Pasado un tiempo. Ocurrió en una tarde
de otoño. Aquella tarde se respiraba ternura en el ambiente y desde el alba
sentía una tranquilidad de poco orden, era como si una voz de conciencia me
anunciara con panfletos y slogans que no había una razón para alarmarse, que
dejara al destino actuar, de todas formas aquella tarde de otoño cuando el sol
se despedía de nosotros en el horizonte regalándonos los últimos fríos rayos
del crepúsculo, y las siluetas en penumbra de paisajes con fondo rojo
anunciaban la bienvenida de la noche, me giré hacia ella y deslicé mis manos
por su cintura, su rostro se tornó de forma que parecía una fierecilla asustada
por un temible predador, y sus ojos mostraban sorpresa y espíritu de aventura
acompañada de deseo, algo probablemente nuevo para ella.

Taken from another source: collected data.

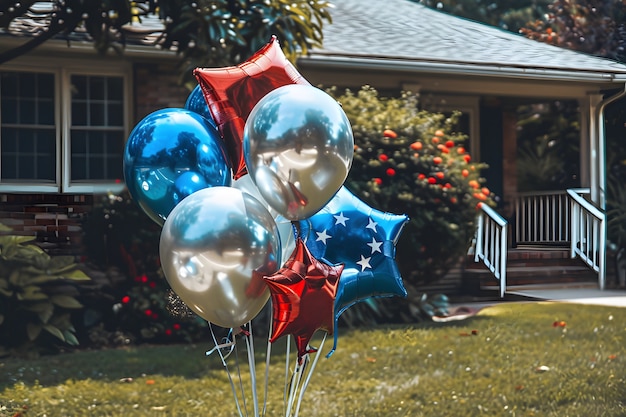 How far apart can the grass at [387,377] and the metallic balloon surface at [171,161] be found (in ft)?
9.15

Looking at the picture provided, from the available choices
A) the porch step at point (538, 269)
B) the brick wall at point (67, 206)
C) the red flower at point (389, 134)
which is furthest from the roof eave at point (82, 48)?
the porch step at point (538, 269)

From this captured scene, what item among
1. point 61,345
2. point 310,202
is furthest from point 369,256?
point 61,345

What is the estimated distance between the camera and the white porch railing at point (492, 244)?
11102mm

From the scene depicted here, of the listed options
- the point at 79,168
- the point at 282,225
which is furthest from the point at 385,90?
the point at 282,225

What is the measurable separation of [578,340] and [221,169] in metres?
5.70

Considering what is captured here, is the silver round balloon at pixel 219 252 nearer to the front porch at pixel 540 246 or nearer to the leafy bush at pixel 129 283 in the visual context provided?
the leafy bush at pixel 129 283

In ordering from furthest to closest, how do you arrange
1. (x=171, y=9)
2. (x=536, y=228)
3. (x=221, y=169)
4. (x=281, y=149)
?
(x=536, y=228) < (x=171, y=9) < (x=221, y=169) < (x=281, y=149)

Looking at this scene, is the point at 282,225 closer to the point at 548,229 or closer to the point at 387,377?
the point at 387,377

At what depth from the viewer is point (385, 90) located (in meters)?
11.7

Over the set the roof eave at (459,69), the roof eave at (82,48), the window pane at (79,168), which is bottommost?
the window pane at (79,168)

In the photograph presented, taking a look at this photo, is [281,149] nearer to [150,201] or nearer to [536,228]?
[150,201]

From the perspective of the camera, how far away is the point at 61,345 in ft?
27.7

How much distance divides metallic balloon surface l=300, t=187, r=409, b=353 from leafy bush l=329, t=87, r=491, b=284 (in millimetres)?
5020

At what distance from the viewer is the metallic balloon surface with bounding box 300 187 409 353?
13.0 feet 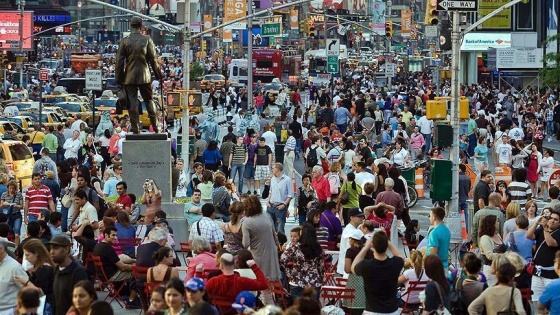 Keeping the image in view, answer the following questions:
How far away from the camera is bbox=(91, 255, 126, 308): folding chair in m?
19.0

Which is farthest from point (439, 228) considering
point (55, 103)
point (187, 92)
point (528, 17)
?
point (528, 17)

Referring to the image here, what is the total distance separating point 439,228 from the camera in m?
18.1

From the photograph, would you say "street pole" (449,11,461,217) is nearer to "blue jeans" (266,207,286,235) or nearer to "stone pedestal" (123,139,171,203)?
"blue jeans" (266,207,286,235)

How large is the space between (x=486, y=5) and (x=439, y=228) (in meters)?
67.9

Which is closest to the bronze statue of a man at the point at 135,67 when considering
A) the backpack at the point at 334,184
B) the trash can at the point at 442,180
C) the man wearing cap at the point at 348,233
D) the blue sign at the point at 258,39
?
Result: the backpack at the point at 334,184

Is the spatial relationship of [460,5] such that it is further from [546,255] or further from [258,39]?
[258,39]

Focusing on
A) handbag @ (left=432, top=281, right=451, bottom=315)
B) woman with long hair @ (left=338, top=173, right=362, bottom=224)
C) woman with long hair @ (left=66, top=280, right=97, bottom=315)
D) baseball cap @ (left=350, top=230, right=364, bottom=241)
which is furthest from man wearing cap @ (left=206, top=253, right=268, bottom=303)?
woman with long hair @ (left=338, top=173, right=362, bottom=224)

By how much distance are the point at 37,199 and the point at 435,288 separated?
11.2 metres

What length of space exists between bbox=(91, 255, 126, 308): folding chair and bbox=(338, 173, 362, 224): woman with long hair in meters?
6.05

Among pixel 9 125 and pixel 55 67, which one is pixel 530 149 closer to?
pixel 9 125

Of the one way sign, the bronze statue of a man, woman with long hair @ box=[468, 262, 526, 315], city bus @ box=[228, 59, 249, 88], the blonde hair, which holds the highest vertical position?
the one way sign

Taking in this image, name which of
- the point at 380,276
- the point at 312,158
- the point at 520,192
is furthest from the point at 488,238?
the point at 312,158

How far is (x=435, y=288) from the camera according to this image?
14375mm

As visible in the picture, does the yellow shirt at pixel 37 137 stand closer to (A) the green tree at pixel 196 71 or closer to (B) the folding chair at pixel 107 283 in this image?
Result: (B) the folding chair at pixel 107 283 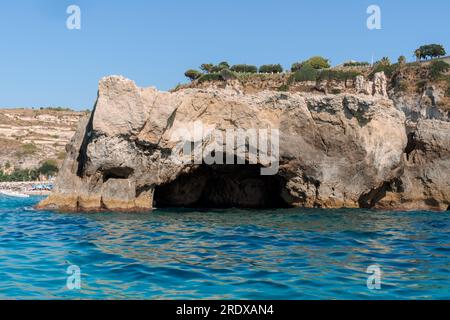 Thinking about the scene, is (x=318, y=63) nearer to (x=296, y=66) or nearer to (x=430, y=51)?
(x=296, y=66)

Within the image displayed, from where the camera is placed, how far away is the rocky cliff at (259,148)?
20797mm

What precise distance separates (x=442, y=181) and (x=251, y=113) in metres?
9.72

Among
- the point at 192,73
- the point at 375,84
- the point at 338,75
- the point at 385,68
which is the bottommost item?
the point at 375,84

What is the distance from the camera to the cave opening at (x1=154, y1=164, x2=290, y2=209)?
25609mm

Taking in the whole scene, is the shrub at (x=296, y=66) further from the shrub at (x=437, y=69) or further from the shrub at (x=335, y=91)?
the shrub at (x=437, y=69)

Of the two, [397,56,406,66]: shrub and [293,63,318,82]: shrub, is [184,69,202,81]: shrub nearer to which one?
[293,63,318,82]: shrub

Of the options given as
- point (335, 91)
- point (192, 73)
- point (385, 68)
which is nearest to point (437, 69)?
point (385, 68)

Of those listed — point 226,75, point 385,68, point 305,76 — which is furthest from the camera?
point 226,75

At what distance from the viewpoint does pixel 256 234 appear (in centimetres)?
1438

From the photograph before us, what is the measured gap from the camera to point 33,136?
341 feet

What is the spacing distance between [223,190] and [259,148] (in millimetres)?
5972

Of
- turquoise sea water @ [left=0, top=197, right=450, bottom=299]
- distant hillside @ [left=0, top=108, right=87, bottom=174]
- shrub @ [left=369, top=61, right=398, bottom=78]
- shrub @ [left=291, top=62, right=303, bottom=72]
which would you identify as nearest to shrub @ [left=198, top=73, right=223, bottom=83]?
shrub @ [left=291, top=62, right=303, bottom=72]

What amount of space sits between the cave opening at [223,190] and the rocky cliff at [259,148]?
2.26ft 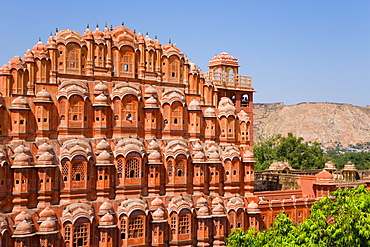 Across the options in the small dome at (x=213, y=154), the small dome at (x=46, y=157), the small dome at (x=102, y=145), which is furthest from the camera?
the small dome at (x=213, y=154)

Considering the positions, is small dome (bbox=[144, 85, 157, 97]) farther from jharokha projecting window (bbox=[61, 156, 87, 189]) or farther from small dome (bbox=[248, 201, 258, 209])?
small dome (bbox=[248, 201, 258, 209])

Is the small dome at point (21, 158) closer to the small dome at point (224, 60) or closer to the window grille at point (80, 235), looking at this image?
the window grille at point (80, 235)

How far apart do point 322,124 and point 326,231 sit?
549ft

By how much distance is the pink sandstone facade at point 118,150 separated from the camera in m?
21.6

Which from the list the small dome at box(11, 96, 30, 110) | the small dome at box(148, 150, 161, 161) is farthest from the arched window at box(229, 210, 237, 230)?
the small dome at box(11, 96, 30, 110)

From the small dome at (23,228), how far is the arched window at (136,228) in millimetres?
5675

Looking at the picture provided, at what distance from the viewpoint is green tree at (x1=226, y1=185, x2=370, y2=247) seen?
51.8 feet

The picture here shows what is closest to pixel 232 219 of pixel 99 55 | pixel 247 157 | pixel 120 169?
pixel 247 157

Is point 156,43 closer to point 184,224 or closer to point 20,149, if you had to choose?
point 20,149

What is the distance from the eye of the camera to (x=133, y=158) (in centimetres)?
2369

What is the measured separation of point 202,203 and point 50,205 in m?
9.42

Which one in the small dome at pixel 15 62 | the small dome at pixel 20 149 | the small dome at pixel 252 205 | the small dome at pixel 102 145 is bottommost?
the small dome at pixel 252 205

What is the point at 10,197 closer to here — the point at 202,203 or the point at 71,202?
the point at 71,202

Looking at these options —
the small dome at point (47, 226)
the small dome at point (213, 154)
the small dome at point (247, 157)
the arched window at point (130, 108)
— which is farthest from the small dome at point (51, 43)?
the small dome at point (247, 157) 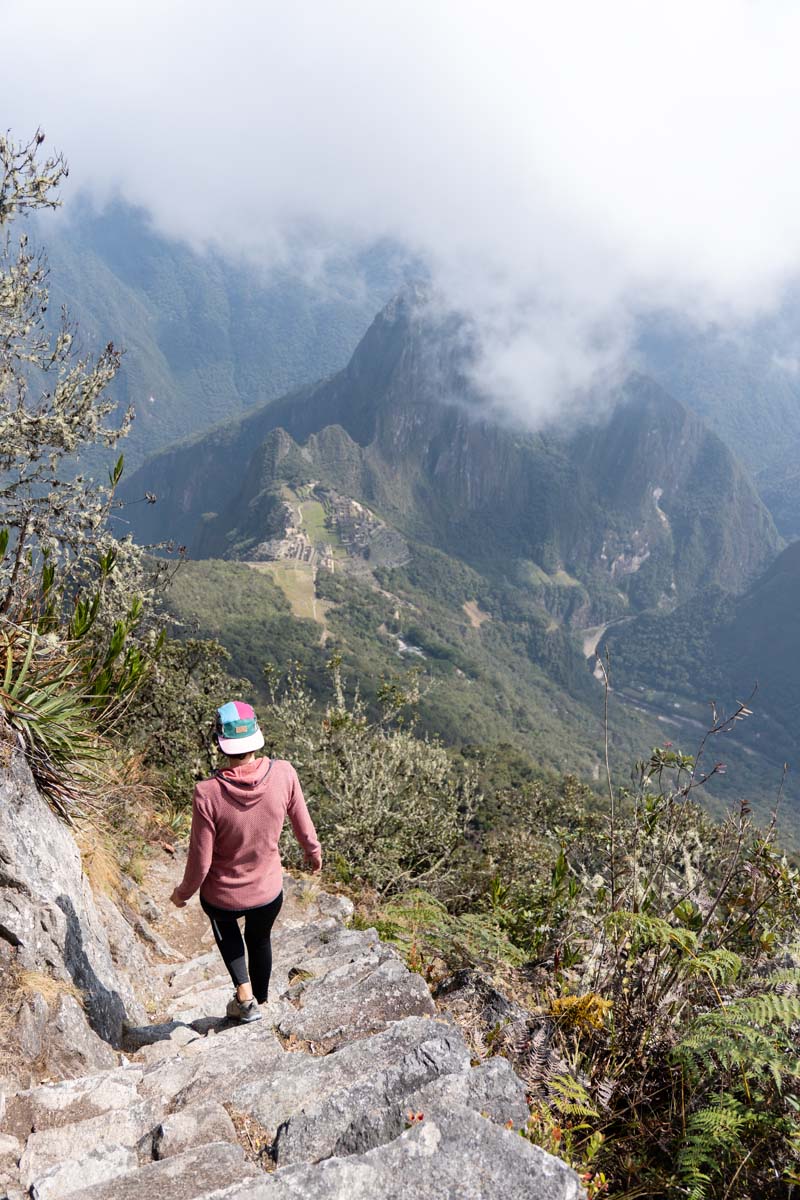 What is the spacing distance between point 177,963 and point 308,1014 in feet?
11.0

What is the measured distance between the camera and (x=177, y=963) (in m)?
7.03

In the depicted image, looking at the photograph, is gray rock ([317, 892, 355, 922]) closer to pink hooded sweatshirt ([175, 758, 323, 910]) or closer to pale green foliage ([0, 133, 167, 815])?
pale green foliage ([0, 133, 167, 815])

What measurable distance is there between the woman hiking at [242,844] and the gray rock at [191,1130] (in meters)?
1.39

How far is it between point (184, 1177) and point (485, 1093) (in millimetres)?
1245

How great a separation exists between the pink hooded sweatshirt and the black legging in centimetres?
11

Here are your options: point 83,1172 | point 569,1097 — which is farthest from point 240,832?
point 569,1097

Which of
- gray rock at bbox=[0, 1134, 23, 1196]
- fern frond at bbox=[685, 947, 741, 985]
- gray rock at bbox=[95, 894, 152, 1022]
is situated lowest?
gray rock at bbox=[95, 894, 152, 1022]

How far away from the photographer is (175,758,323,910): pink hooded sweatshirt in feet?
13.9

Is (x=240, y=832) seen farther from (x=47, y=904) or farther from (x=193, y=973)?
(x=193, y=973)

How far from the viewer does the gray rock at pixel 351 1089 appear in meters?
2.65

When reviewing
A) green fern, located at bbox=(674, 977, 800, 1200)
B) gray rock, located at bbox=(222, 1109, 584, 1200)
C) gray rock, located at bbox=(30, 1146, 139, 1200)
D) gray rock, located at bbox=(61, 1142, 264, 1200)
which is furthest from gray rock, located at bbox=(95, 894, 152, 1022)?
green fern, located at bbox=(674, 977, 800, 1200)

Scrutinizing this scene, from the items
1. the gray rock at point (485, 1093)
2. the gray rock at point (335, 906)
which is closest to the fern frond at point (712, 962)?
the gray rock at point (485, 1093)

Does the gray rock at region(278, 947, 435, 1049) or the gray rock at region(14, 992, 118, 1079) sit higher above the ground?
the gray rock at region(278, 947, 435, 1049)

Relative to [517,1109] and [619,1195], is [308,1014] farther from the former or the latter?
[619,1195] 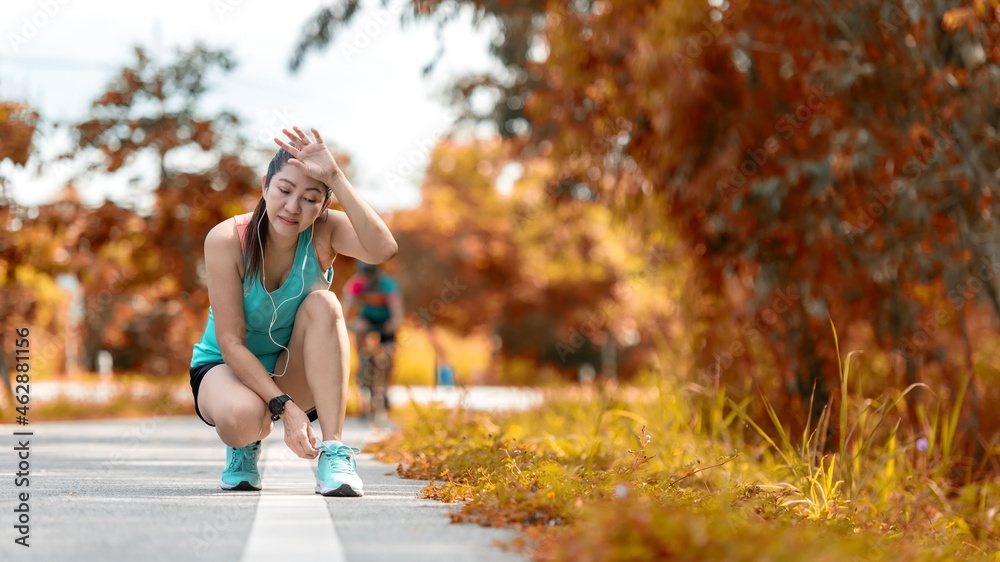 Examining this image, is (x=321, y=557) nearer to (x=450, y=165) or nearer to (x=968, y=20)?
(x=968, y=20)

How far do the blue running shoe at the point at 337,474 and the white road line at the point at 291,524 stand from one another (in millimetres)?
57

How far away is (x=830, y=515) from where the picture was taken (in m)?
3.61

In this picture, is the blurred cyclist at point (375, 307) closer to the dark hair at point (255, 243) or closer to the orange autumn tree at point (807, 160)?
the orange autumn tree at point (807, 160)

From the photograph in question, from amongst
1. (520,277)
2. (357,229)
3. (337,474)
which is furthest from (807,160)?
(520,277)

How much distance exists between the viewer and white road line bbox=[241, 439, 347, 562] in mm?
2404

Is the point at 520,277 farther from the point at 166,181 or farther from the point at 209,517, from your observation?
the point at 209,517

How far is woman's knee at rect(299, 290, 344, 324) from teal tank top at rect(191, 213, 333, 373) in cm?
5

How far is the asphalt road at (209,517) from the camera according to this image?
2.44 meters

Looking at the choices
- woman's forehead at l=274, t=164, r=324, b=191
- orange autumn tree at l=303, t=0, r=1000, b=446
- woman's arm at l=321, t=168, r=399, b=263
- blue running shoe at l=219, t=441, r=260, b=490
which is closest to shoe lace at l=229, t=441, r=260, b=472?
blue running shoe at l=219, t=441, r=260, b=490

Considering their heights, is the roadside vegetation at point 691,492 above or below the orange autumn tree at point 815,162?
below

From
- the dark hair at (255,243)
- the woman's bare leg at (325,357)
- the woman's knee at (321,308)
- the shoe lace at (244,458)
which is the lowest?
the shoe lace at (244,458)

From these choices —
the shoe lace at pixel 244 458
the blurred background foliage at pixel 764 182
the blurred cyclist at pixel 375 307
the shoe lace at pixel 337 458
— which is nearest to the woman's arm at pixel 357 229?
the shoe lace at pixel 337 458

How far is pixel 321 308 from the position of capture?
3670 mm

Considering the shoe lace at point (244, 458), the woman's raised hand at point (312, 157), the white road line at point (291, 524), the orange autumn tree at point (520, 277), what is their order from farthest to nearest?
→ the orange autumn tree at point (520, 277), the shoe lace at point (244, 458), the woman's raised hand at point (312, 157), the white road line at point (291, 524) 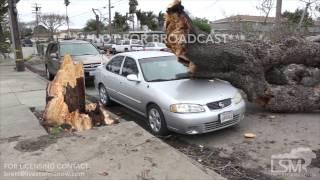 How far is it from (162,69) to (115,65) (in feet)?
5.15

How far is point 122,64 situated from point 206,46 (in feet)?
7.14

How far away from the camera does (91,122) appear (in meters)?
6.62

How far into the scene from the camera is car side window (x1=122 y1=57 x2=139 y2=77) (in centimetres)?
731

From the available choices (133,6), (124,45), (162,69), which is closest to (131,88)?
(162,69)

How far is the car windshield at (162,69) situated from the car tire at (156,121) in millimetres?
635

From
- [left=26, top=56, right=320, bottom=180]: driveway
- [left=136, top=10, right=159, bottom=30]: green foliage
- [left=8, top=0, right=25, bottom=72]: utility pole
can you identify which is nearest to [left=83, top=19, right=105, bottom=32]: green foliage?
[left=136, top=10, right=159, bottom=30]: green foliage

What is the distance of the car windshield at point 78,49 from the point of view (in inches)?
521

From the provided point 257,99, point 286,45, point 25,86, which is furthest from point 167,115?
point 25,86

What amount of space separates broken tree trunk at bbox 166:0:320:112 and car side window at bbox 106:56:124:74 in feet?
6.48

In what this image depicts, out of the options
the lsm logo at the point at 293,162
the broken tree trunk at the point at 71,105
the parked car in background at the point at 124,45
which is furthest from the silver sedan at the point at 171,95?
the parked car in background at the point at 124,45

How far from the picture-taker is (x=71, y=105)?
21.9 ft

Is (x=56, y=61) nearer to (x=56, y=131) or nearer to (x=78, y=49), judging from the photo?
(x=78, y=49)

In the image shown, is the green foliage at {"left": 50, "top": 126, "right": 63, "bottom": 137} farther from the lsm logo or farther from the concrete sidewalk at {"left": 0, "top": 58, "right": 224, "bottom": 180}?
the lsm logo

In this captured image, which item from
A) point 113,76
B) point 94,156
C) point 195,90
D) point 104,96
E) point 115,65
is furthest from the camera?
point 104,96
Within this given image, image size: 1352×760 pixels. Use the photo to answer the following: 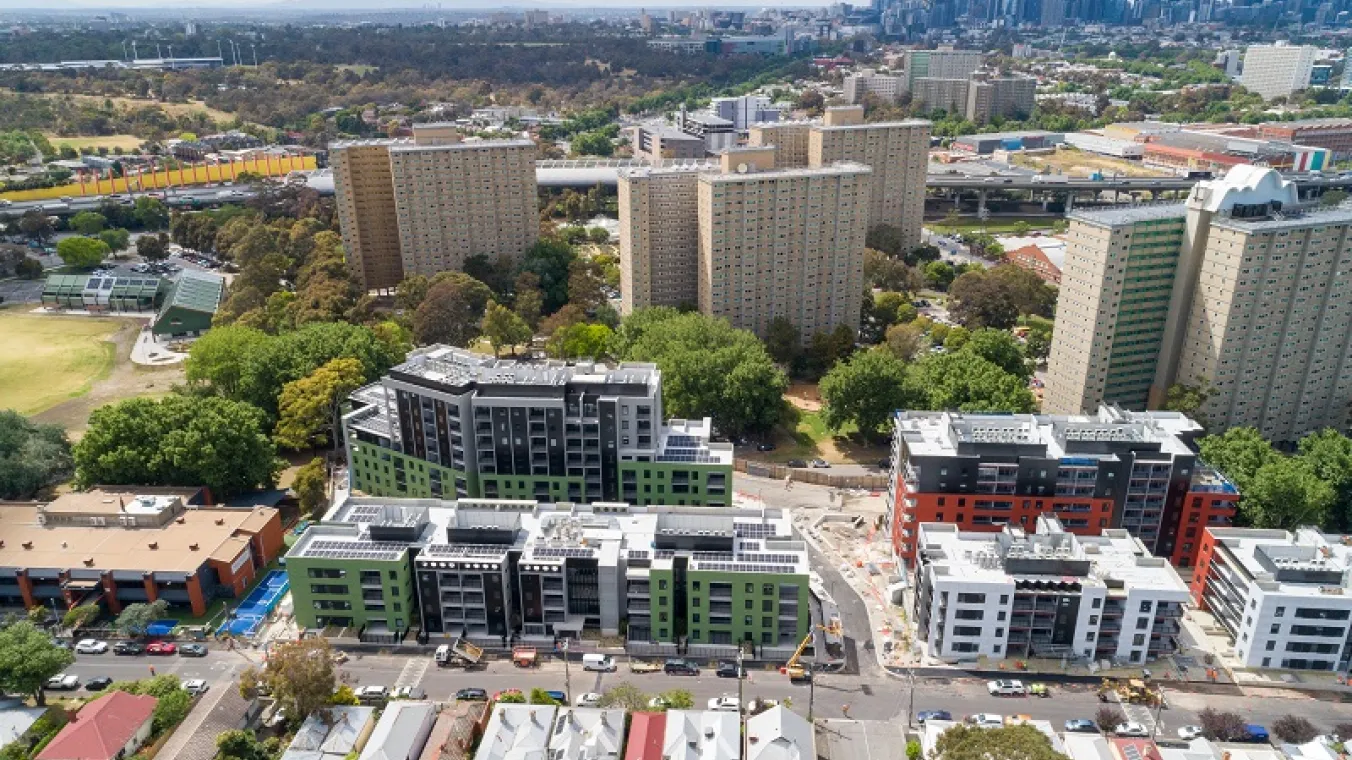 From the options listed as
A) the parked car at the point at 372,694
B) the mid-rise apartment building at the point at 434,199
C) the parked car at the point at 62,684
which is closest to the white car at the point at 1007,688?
the parked car at the point at 372,694

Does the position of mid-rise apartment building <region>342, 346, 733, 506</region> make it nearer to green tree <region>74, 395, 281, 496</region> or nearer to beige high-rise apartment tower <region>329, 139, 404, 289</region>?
green tree <region>74, 395, 281, 496</region>

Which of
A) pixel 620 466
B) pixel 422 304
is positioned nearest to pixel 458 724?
pixel 620 466

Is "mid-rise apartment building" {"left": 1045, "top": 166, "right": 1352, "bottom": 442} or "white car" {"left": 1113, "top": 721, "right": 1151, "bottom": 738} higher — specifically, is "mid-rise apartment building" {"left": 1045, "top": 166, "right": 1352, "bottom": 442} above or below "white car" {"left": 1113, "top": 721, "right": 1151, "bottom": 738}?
above

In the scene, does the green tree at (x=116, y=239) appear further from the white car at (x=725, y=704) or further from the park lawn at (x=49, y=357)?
the white car at (x=725, y=704)

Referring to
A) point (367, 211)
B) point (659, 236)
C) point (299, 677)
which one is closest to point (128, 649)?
point (299, 677)

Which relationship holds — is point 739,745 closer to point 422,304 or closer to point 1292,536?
point 1292,536

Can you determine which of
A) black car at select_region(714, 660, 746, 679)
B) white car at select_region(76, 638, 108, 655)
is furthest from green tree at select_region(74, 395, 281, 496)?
black car at select_region(714, 660, 746, 679) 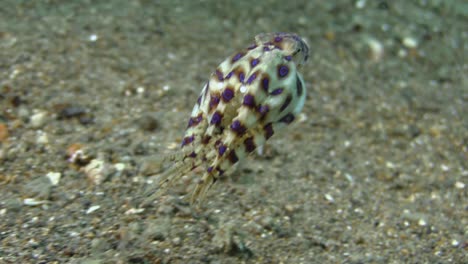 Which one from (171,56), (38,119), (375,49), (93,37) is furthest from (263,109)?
(375,49)

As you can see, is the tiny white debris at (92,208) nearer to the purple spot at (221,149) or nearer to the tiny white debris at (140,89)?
the purple spot at (221,149)

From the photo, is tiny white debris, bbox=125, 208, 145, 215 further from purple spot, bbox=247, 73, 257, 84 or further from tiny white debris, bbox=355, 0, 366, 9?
tiny white debris, bbox=355, 0, 366, 9

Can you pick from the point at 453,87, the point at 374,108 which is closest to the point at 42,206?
the point at 374,108

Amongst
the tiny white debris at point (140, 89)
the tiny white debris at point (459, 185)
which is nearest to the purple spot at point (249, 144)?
the tiny white debris at point (140, 89)

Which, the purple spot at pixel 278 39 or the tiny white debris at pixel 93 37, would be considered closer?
the purple spot at pixel 278 39

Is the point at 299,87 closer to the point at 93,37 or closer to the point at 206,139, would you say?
the point at 206,139

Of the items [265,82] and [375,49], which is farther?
[375,49]

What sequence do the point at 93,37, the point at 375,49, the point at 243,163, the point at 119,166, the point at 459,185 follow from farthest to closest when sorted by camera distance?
the point at 375,49
the point at 93,37
the point at 459,185
the point at 243,163
the point at 119,166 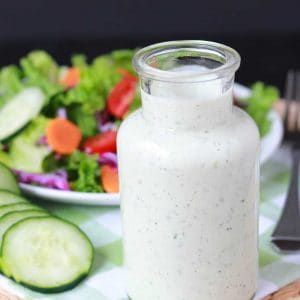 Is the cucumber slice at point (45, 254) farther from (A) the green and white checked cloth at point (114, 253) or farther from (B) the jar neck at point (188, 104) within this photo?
(B) the jar neck at point (188, 104)

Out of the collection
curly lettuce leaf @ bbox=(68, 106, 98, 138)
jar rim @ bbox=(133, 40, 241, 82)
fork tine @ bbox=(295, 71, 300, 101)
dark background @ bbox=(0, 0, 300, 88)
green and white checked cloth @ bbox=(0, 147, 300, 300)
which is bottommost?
dark background @ bbox=(0, 0, 300, 88)

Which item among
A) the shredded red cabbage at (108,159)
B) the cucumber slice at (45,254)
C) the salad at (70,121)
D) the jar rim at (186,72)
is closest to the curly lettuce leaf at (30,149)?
the salad at (70,121)

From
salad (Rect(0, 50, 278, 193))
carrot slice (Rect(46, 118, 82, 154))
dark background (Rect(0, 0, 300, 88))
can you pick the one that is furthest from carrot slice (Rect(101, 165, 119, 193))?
dark background (Rect(0, 0, 300, 88))

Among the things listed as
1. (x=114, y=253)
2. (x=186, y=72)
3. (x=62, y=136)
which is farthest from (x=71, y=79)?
(x=186, y=72)

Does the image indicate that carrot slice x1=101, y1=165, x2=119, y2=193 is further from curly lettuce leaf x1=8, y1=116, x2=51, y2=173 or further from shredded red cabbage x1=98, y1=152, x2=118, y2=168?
curly lettuce leaf x1=8, y1=116, x2=51, y2=173

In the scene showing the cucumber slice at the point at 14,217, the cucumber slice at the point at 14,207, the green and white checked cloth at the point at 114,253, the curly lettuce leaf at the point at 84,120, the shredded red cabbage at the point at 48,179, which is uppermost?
the cucumber slice at the point at 14,217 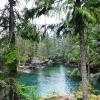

Con la otra mano
deslice los dedos por su cuello hasta que, con una destreza innata en mi,
conseguí quitarle sus pequeñas lentes de aumento, descubriendo el esplendor de
su belleza, se las guardé como pude en el bolsillo y comencé a acercar mis
labios hacia los suyos. Ella empezó a deslizar su mano por la parte superior de
mi espalda.
Desperté en anhelos y con una cama
hecha un verdadero campo de batalla, el despertador marcaba las 9:05, la cabeza
me zumbaba, la respiración la tenía acelerada, minutos después me metí en la
ducha y a las 9:40 estaba fuera de casa. Sólo cerrar la puerta de entrada me
pregunté donde iba, pero ya era demasiado tarde, me había puesto a caminar la
cuesta de la avenida Newton, bajé las escaleras de la intersección con la calle
Dr. Cadevall y me senté en el parque Poron, en la inscripción de la entrada
algún gracioso había escrito con spray negro una "C" y una
"J" sustituyendo a la "P" y a la "R", observé los
frondosos árboles y oí el cantar de los pájaros que acariciaban la atmósfera
con sus trinos llenos de virtuosismo animal. Me había olvidado el reloj, y las
bambas las llevaba mal atadas, mi bufanda rozaba el suelo, la camisa estaba
abotonada un ojal más arriba que otro y el pelo parecía haberse peleado contra
cepillos, peines o cosas semejantes. Realmente la situación era de lo más
cómica, me podía imaginar sentado allá con aquella pinta y mirando absorto el
paisaje que me rodeaba. Agachando la cabeza, me toqué las cavidades de los ojos
con los dedos índice y pulgar de la mano derecha como para acabar de
despertarme, como queriendo desatascar el cerebro repleto de tantas emociones.
Breves instantes después, cuando levanté la mirada, vi que se acercaba ella.
Como perdido en un mar de confusiones,
buscaba argumentos para agarrarme con uñas y dientes a la idea de la ausencia
de lo que era evidente. Pero solo pude, como tantas otras veces lo había hecho,
observar como venía hacia mi atento a cada cimbrear de su cuerpo.
Mientras se acercaba pude darme cuenta
de que ella había cambiado, algo me hacía verla diferente, las tenues pequitas
que en un tiempo rodearon su nariz habían desaparecido por completo, su
fisonomía era la de una mujer, su mirada más segura y su expresión más adulta,
y todo ello sin perder el encanto que le daba su tibia niñez. Cuando estuvo
enfrente mío me miró con unos ojos que expresaban una infinita ternura.
–No somos para nosotros.
–Aquí estaré.
Fueron las últimas palabras que
desvanecí en el tiempo para ella. Se giró, pude ver los cristalinos reflejos de
sus ojos antes de que me diera la espalda. Grité su nombre con voz de llanto,
tornó su rostro hacia mí y el aire jugueteó con su pelo, entonces supe que nos
volveríamos a encontrar. Ella también lo supo.